Nvidia has reached an agreement to acquire Israeli chipmaker Mellanox Technologies in a deal worth $6.9 billion. This makes it the largest purchase Nvidia has ever made as it seeks to gain a foothold in the data centre market.

The deal itself is expected to go through by the end of 2019, with Nvidia outright purchasing Mellanox for the price of $125 per share.

It marks a significant move for Nvidia as it looks to diversify away from its focus on its gaming division. Gaming graphics card sales have proven extremely volatile lately, with revenue dropping 45% year on year for the previous quarter. The bottom of the market fell out on the cryptocurrency mining craze, leaving Nvidia caught with its pants down and saddled with a heap of excess inventory. Diversifying should help Nvidia offset these downfalls if any future surprises arise.

Both Nvidia and Intel were allegedly caught in a bidding war over Mellanox, with team green coming out triumphant. Mellanox’s business is concerned with supercomputers and high-performance computing (HPC). It is the leading producer of ethernet and Infiniband products for data centre usage and used in more than half of the world’s faster supercomputers. It sounds as if this was as much a case of Nvidia warding off Intel as it was to its own direct benefit.

“We’re excited to unite Nvidia’s accelerated computing platform with Mellanox’s world-renowned accelerated networking platform under one roof to create next-generation datacenter-scale computing solutions.
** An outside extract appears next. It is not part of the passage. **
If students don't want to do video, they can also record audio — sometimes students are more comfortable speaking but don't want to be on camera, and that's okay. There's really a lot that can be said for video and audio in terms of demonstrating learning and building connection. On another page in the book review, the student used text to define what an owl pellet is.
I am particularly thrilled to work closely with the visionary leaders of Mellanox and their amazing people to invent the computers of tomorrow,” said Jensen Huang, Nvidia CEO.

"Combining our two companies comes as a natural extension of our longstanding partnership and is a great fit given our common performance-driven cultures," said Mellanox CEO Eyal Waldman.

All that remains now is to dot the i’s and cross the t’s for the deal to go through, subject to various regulatory approvals.